### Work order
In the entries below, go to the line containing "Da ist das Ding: Elendt" and repeat it along with every later line, exactly.

### Information shown
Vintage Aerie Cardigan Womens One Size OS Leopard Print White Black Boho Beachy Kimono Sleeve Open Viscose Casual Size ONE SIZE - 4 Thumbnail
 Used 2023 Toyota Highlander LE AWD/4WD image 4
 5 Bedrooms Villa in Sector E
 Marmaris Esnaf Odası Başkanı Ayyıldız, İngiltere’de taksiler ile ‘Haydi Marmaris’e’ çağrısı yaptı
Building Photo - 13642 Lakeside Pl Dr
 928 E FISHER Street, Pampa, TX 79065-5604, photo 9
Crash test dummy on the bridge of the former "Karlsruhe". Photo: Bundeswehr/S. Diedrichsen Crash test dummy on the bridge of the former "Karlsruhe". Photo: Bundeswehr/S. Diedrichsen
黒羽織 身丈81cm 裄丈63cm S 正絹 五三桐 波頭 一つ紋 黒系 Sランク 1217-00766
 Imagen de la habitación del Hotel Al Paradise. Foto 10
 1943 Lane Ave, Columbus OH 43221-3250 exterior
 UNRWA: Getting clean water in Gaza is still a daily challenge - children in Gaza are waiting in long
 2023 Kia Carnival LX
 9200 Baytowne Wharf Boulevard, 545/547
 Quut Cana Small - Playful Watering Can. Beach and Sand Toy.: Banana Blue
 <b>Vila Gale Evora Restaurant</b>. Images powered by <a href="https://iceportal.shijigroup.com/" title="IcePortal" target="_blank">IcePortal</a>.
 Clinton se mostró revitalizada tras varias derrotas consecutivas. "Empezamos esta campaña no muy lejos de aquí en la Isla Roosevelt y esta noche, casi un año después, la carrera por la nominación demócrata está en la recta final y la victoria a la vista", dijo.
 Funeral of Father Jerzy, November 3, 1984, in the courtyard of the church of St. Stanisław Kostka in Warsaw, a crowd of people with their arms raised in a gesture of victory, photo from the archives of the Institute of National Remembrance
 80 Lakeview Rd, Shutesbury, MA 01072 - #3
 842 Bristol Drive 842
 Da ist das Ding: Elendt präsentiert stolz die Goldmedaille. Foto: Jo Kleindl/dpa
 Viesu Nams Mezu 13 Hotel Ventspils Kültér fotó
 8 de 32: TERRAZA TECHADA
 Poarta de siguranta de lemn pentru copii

### Worked solution
 Da ist das Ding: Elendt präsentiert stolz die Goldmedaille. Foto: Jo Kleindl/dpa
 Viesu Nams Mezu 13 Hotel Ventspils Kültér fotó
 8 de 32: TERRAZA TECHADA
 Poarta de siguranta de lemn pentru copii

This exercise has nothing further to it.